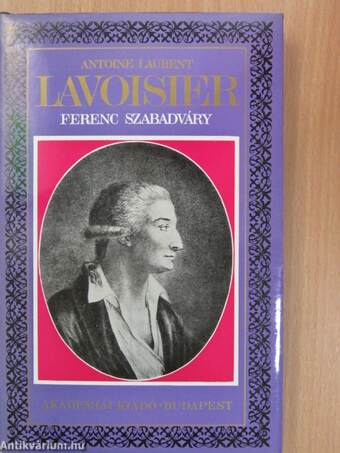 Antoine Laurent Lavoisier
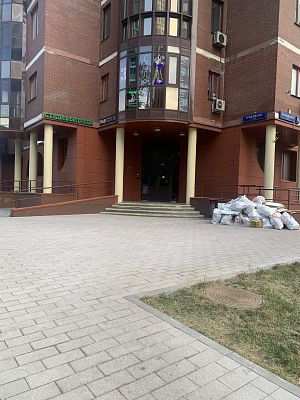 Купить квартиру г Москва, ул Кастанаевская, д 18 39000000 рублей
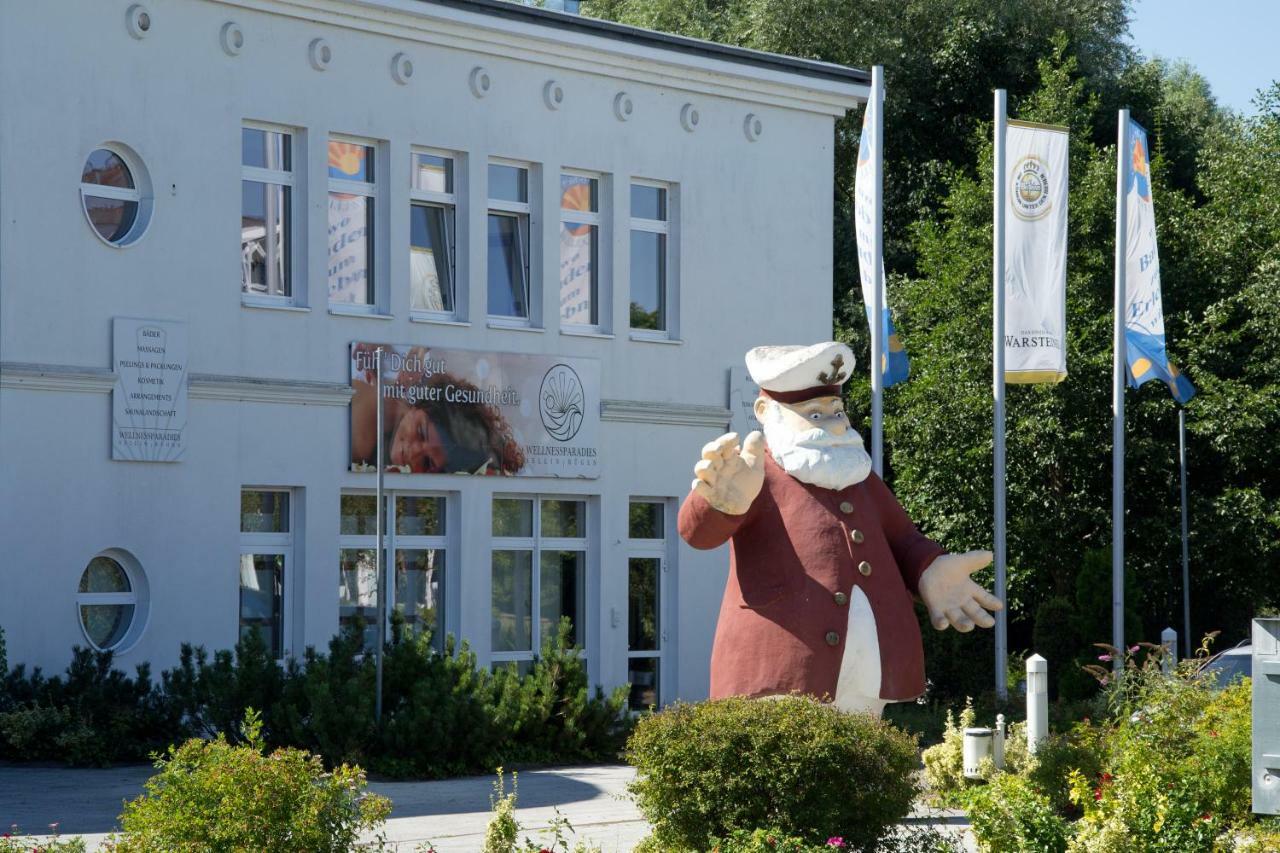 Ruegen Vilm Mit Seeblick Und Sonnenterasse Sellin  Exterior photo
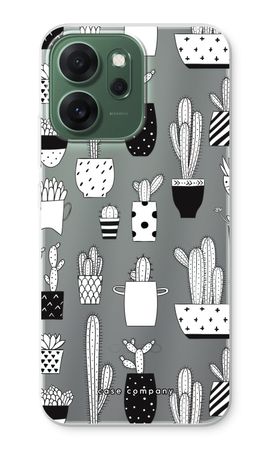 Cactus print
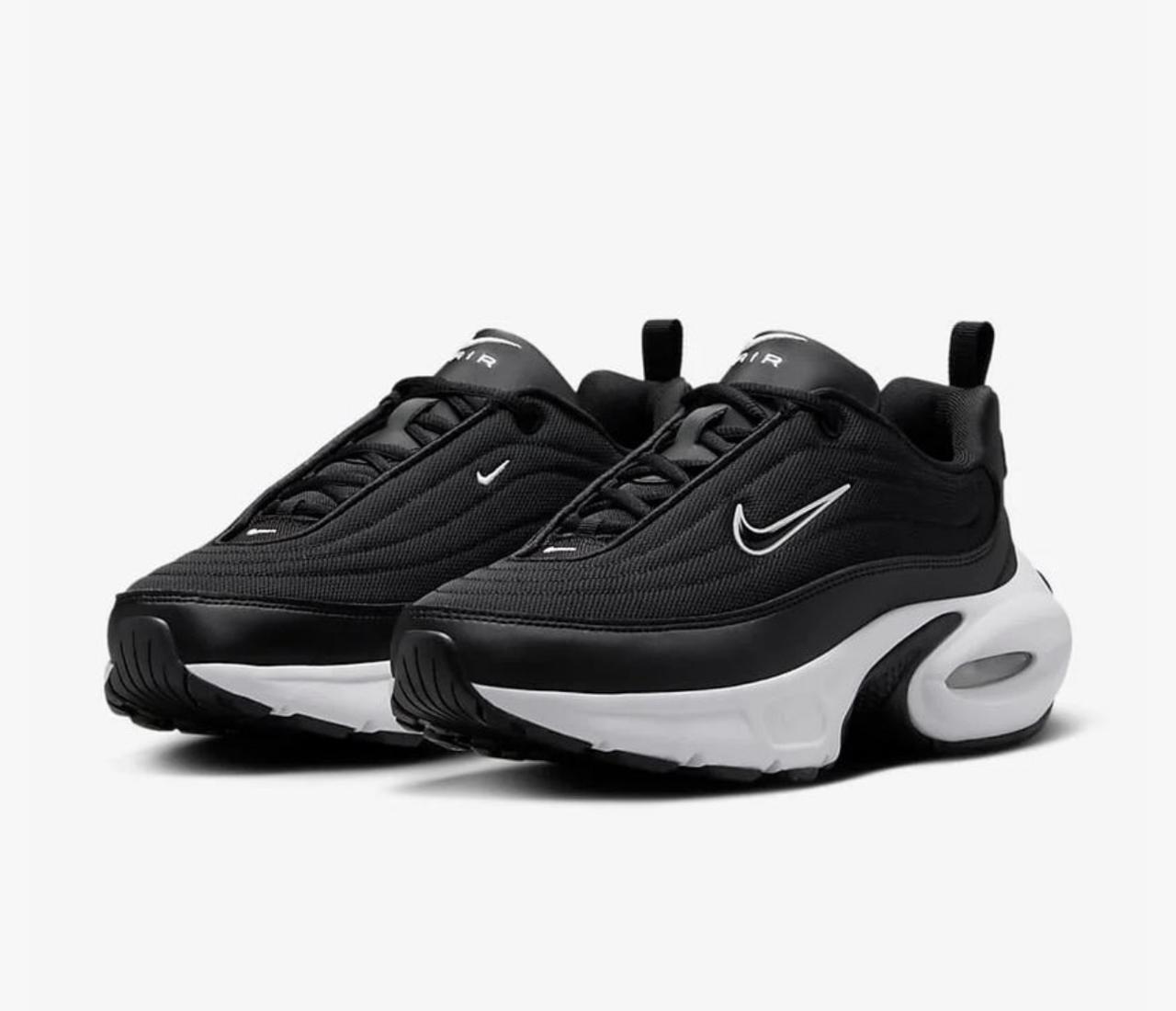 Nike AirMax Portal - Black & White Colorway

┄┄┄┄┄┄┄┄┄┄┄┄┄┄┄┄┄┄┄┄

*How to complete this task*. With pictures left out, repeat exactly the lines from the line bearing "Cactus print" through the final line of the records above.

*Solution*.
 Cactus print
 Nike AirMax Portal - Black & White Colorway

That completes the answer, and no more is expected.